Nathan W. Onderdonk , California State University (Long Beach)
During the extended third year of research, progress was made in the following areas:
1. Using fluvial terraces to evaluate ongoing rotational deformation-
The folds and faults that deform the rock units in the Santa Maria Basin formed as a result of rotation of the South side of the basin relative to the Northeast side that started approximately 18 Million years ago. To evaluate whether this rotation and folding is still occurring today, we have identified and mapped fluvial terraces along a major drainage that cuts perpendicular through the dominant structural trend. These terraces are the youngest geologic deposits in the area, and can thus serve as markers for recent or active deformation in the area. This work was done primarily by Todd Tyler as part of his Masters thesis.

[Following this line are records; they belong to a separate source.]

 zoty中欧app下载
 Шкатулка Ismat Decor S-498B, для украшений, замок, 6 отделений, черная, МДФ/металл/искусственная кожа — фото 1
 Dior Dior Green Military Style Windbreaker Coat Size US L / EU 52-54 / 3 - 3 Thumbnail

Five different terrace levels were mapped in detail and have been surveyed with GPS techniques in the field that are accurate to within 30cm. These surveys show that the Baseline-Los Alamos Fault has offset all three terraces that cross it and is most likely active. A transect survey was also performed along the active creek channel that can be compared to an expected graded stream profile to highlight any active deformation. The terraces are being dated using OSL (Optically Stimulated Luminescence). OSL is a geologic dating method that estimates the age since sand grains in the terraces were last exposure to sunlight. The results of this study will be presented by the student at the Annual American Geophysical Union meeting this coming December. An abstract was submitted in August.
2. Using the sedimentological data from Plio-Pleistocene Paso Robles Formation to evaluate the structural history of the northern boundary of the basin-
In addition to the stratigraphic data previously gathered in order to determine depositional and sedimentological history, a percent composition study and a DEM (digital elevation model) study were used to gather further information about the recent activity along the Little Pine Fault. The percent composition study was aimed at determining the percent of Franciscan-type clasts within three different depositional settings which were then compared to illuminate some of the temporal constraints regarding the exhumation of the Franciscan rocks within the present-day San Rafael Mountains. Since these rocks are believed to have been brought to the surface by movement along the Little Pine Fault system, the appearance (and percentage) of their components within the Paso Robles Formation, recent alluvium, and active drainages can be compared, and the data can be used to determine relative timing of the most recent episodes of slip along the Little Pine Fault. The data suggest that exhumation of the Franciscan Formation did not occur until Pleistocene time and that the Little Pine Fault has experienced significant reverse displacement since cessation of Paso Robles Formation deposition.
A DEM-based examination of the drainage patterns adjacent and across the Little Pine fault shows no evidence of stream deflection or redirection due to fault movement. This suggests that strike-slip displacement on the fault has not occurred during Holocene time or that the slip-rate is very low.
3. The kinematic history of the Little Pine Fault and its relation to folding within the basin-
Evaluating the structural kinematics of the Little Pine Fault Zone (LPFZ) and its relationship to the folds within the basin is needed in order to understand how the northern boundary of the Santa Maria Basin has developed and influenced basin inversion. To do this, we have digitized fold axes from previously published maps and compared the average orientation of each fold hinge with the adjacent segment of the Little Pine Fault trend. The fold patterns consistently support a combination of north-south shortening along with a component of right-lateral shear along the fault zone. Kinematic data collected at a number of locations, both along the LPFZ and at varying distances from the fault zone, also indicate right-lateral reverse displacement across the fault zone, but show an additional component of sinistral strike-slip in the southeastern part of the fault zone. These data confirm earlier ideas that the Little Pine Fault has experienced a combination of reverse and strike-slip motion and continued work is underway to determine the timing relationship between the two modes of faulting, as well as the temporal relationship between faulting and folding within the basin.